If Sturgis’s bid was a “full credit bid,” then the mortgage documents would have been
extinguished at the time of the clerk’s sale. The assignment of rents provision would have
disappeared and Sturgis would not be entitled to keep the rents collected during the redemption
period, according to Kirsch. The mortgage provisions awarding Sturgis attorney fees would also
disappear.

        The Michigan cases applying the full credit bid rule to extinguish mortgages at the time
of the foreclosure sale involve foreclosures by advertisement and sheriff’s sales. We could find
no precedent for applying the rule in a judicial foreclosure action. See Bank of America, 499
Mich. 74; Smith v Gen Mtg Corp, 402 Mich. 125; 261 NW2d 710 (1978); Citizens Bank v Boggs,
299 Mich. App. 517; 831 NW2d 876 (2013); New Freedom Mortgage Corp, 281 Mich. App. 63;
Emmons v Lake States Ins Co, 193 Mich. App. 460; 484 NW2d 712 (1992); Bank of Three Oaks v
Lakefront Props, 178 Mich. App. 551; 444 NW2d 217 (1989).

        We discern no ground to now extend the full credit bid rule to judicial foreclosure
actions. There are numerous differences between a foreclosure by judicial action and a
foreclosure by advertisement, making the extension of the full credit bid rule inappropriate. A
mortgagee initiates a foreclosure by advertisement by publishing a notice that the mortgage will
be foreclosed by sale of the property. 1 Cameron, Michigan Real Property Law (3d ed), § 18.81,
p 746. After notice has been published for four successive weeks, the property is sold. MCL
600.3208. There is no court involvement unless after the sale, multiple parties claim rights to a
surplus, MCL 600.3252, or a deficiency judgment is sought against the mortgagor, MCL
600.3280.

       In a judicial foreclosure, on the other hand, the property is not sold until after a complaint
has been filed and a court order entered. See MCL 600.3115. In the foreclosure judgment, the
court names the party or parties that are personally liable for the mortgage debt. MCL 600.3150.
The judgment must state that if the sale proceeds are insufficient to satisfy the principal, interest,
and costs, there shall be execution in the amount of the deficiency. Id. Similarly, the judgment
must provide for court intervention in allocating any surplus from the sale. MCL 600.3135.
Ultimately, in a judicial foreclosure, the court calculates the amount due under the mortgage at
the time of the foreclosure sale as well as the amount of any surplus or deficiency at the close of

                                                 -7-
the redemption period in the event the mortgagor does not redeem the property. See Stewart v
Isbell, 155 Mich. App. 65, 81; 399 NW2d 440 (1986). Given the court’s integral role in
calculating the debt amount in a judicial foreclosure, it would make little sense to extinguish the
mortgage at a point when the mortgagee has had to rely on its solo efforts to calculate its bid.

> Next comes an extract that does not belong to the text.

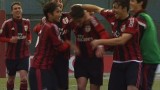 Milan-Cagliari 4-0 Highlights | AC Milan Youth Officia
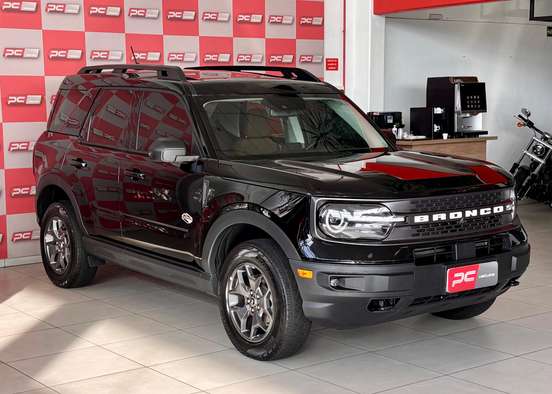 FORD-BRONCO SPORT-2024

        As the full credit bid rule does not apply, the mortgage was not extinguished by the
clerk’s sale in this case. The court could therefore rely on the mortgage provisions requiring
Kirsch to pay Sturgis’s costs and attorney fees in an action to enforce Kirsch’s payment
obligations. The judicial foreclosure judgment specifically included post-sale attorney fees as
part of the judgment amount: Sturgis “shall be awarded actual and reasonable attorney fees and
expenses after the Clerk’s sale . . . and such award shall become part of this Judgment.”
Inclusion of such post-sale fees was in the court’s equitable power.

        We similarly reject Kirsch’s contention that Sturgis’s authority to collect rents by
assignment was extinguished. In fact, Kirsch specifically agreed in the mortgage that it
“knowingly and voluntarily waive[d] any right . . . to collect any rents or income from the
Property during the pendency of any foreclosure proceedings and during any applicable
redemption period,” further supporting the court’s order. This mutually agreed upon contractual
release of rights to rents also negates Kirsch’s appellate claim of entitlement to these funds as a
surplus judgment.

        Even though Kirsch was not entitled to pocket the surplus rents, this does not mean that
these collected rents could not be credited against the judgment amount. As noted, the circuit
court considered the rents collected by Sturgis as a credit to reduce Kirsch’s indebtedness.
Sturgis challenges this credit, the absence of which would lead to a deficiency judgment that
Kirsch would remain liable for. However, the credit of collected rents against the judgment
amount was impliedly permitted by the mortgage documents. The assignment of rents was
“given as collateral security.” The mortgage gave Sturgis “discretion” to allocate the rents
collected to satisfy various items, including: “the cost and expenses incurred by [Sturgis] in
exercising its rights under this Mortgage, payment of the interest and principal due under the
Note, payment of any other portion of the Obligations, and payment of expenses incurred in
preserving the Property.” The rent payments were credited to cover several of these permissible
items. Given that the court’s action was permitted by the parties’ contract, we need not consider
the parties’ extensive common-law arguments in this regard.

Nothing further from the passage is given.